Opinion Women, in their verse from ancient India
From the sixth century to today, a thread of protests connects a group relegated to the margins

What did gifted and sensitive women, forced by tradition and law to the margins centuries ago, have to say about their lives? Therigatha (Verses of the Elder Nuns) is a compilation of 73 verses by 101 female Buddhist nuns of the Theravada sect. It was the first sect the Buddha launched to preach dhamma. The verses of Bhikkhunis or nuns allowed into the monastic order, the Sangha, were orally transmitted for centuries in Magadhi. Eventually, they were written down, translated to Pali, compiled and added to Vinaya Pitak, one of the three compilations of Buddhist thought. This task was performed by Dhammapala, a sixth-century Buddhist scholar who calls these verses Udana (inspired utterances).
The path to self-knowledge was opened up to women from all castes and walks of life by the Buddha.
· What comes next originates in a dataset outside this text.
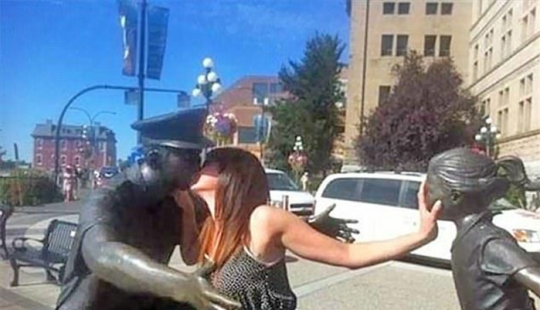 15 People Who Made The Absolute Most Of A Photo With A Statue And Ended Up Online 15 People Who Made The Absolute Most Of A Photo With A Statue And Ended Up Online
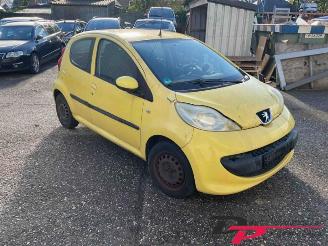 disassembly passenger cars Peugeot 107 107, Hatchback, 2005 / 2014 1.0 12V 2008/1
In the words of Theri Tissa, the Tathagata said to her: “Tissa, train yourself strictly, don’t let/What can hold you back, overwhelm you/You can wander about in the world freely now/Fearless, freed of depravities that have oozed out from within.”
After the Buddha, this concept of women as nuns, wandering freely and fearlessly, disappears. It resurfaces conceptually — “swatantra stree” — in a (5th or 8th century) treatise by Vigyaneshwar, on Yajñavalkya Smrti. The thoughts compiled are ascribed to the scholar-sage Yajnavalkya, whose idea of Brahman as the core principle of Hindu Dharma was popularised in the 8th century by Adi Shankara, who led a counter-attack against Buddhism.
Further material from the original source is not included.